The chosen one would awaken ten hours later, convinced that he’d just had the time of his life. Which he would have done, said Zeb, because all experience registered by the brain is real, no? Even if it didn’t happen in 3-D so-called real time.

This act usually worked fine with Corp exec types, a naive and trusting bunch when it came to the duplicitous mores of the pleeblands. Zeb knew their kind from the Floating World: out for thrills during their night on the town, eager for something they mistook for experience. They led sheltered lives inside their Corp Compounds and the other guarded spaces where they hung out, such as courthouses, statehouses, and religious institutions, and they were gullible about anything outside their walls. It was touching how easily they drank the Kool-Aid on offer, how rapidly they hit the hay or, in fact, the green satin bedspread, how softly they slept, and how cheerily they awoke.


But a different sort of client was establishing a presence at Scales: a less agreeable type, not easily deflected from his own angers. Hate-fuelled, hardened in the fire, bent on carnage and broken glassware. These were rockier cases, and called for an all-points alert.

“I speak of the Painballers, as you must’ve guessed,” says Zeb. “Painball had just begun back then.”

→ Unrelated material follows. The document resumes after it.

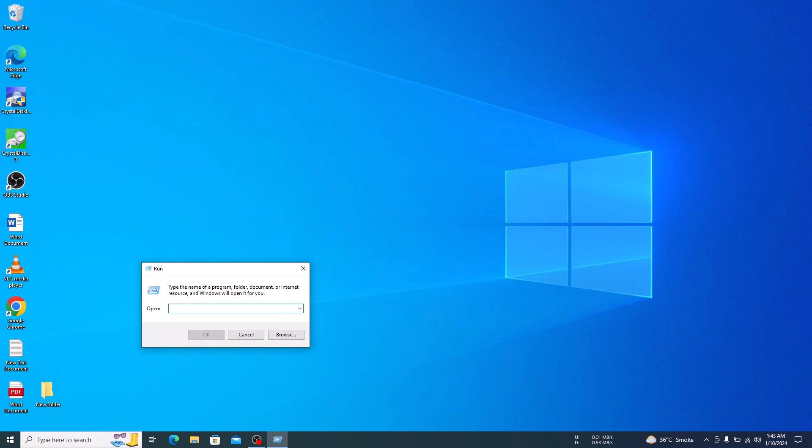Now type DXDIAG and click on the OK button.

Painball Arenas were at that time highly illegal, like cockfighting and the slaughter and eating of endangered species. But, like them, Painball existed and was expanding, hidden from public view. Spectator positions were reserved for the upper echelons, who liked to watch duels to the death involving skill, cunning, ruthlessness, and cannibalism: it was Corp life in graphic terms. A lot of money was already changing hands at Painball in the form of highroller betting. So the Corps paid indirectly for the infrastructure and the upkeep of the Painball players, and those providing the locations and the services paid directly if caught, and sometimes with their lives when there were turf wars.

This arrangement suited the CorpSeCorps – in its adolescence then – as it provided ample blackmail material through which the CorpSeCorps men could tighten their hold on those considered to be the pillars of what still passed for society.

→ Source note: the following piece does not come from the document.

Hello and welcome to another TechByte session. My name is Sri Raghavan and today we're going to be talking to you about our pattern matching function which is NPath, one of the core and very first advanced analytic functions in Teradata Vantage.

If you were already locked up in an ordinary prison, you could elect the Painball option: fight your fellow prisoners, eliminate them, and win big prizes, such as getting out of jail free and landing a stint as a pleebland grey-market enforcer. Perks all round. Of course, once you’d elected to enter Painball, the alternative to winning was death. That was why it was so much fun to watch. Those who survived it did so through guile, the ability to wrongfoot their opponents, and superior murderousness: the eating of gouged-out eyes was a favourite party trick. In a word, you had to be prepared to knife and fillet your best friend.